Thursday, December 30, 2010

Filling the sandbox

When it comes to designing a game setting I've always wondered how much to put in one area. How many dungeons should be a days ride from The Constipated Hobbit Inn? How many ancient alien complexes should be a short jump away from that Class K space station? There seen to be different approaches to question, with some gamers cramming lots of hot-spots into a map, with others spreading them out over a larger area.

The former style is clearly at work in the late Dave Hargrave's legendary (notorious?) Arduin campaign setting. Take a look at this map from one of the grimoires and you'll see that despite being just a small corner of the world it's bursting with dungeons.

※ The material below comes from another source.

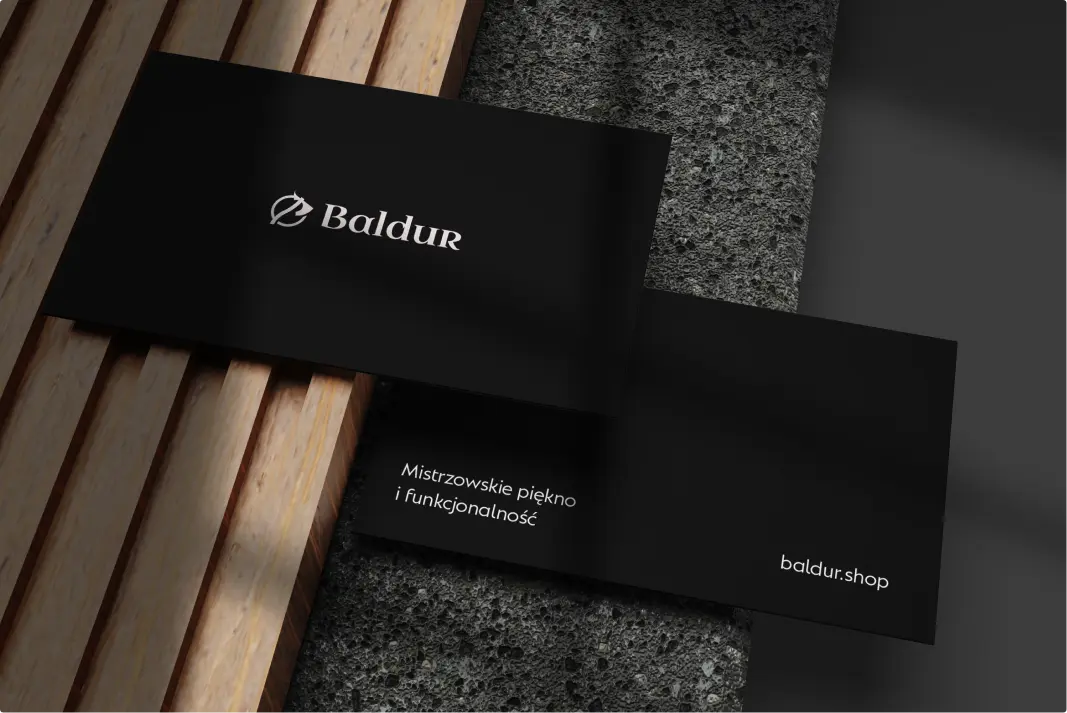 Projekt czarnych wizytówek z logo Baldur na kamienno-drewnianym tle. Wizytówki stworzone przez agencję interaktywną Kryptonum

In fact, all of the published Arduin dungeons are on that map. They're all within spitting distance of one another. A somewhat similar approach is evident in Jeff Rients' excellent comedic Encounter Critical module, Asteroid 1618. Jeff mapped out the Vanth sub-sector of space Traveller fashion.  Along with the planet Vanth it includes Gamma (Gamma World), the spaceship Warden (Metamorphosis Alpha), Orezius (Uresia), Mythika (Mazes & Minotaurs) and more.

Even given that this is something of a tongue-in-cheek game, that's a lot of adventure locales in one small sub-sector.

The other approach is the one taken by the Judge's Guild in their classic Wilderlands of High Fantasy setting. This involved maps covering near-continental swaths of land and the dungeons and adventure modules that were published to tie into it were spread out over vast distances. A similar approach seems to be evident in Christopher B.'s Dark World, where you have a large area mapped out where the dungeons will be spread around.

So which approach do you use? Do you put all the interesting thing within easy reach of each other? Do you disperse them, placing them far apart and setting the stage for epic voyages?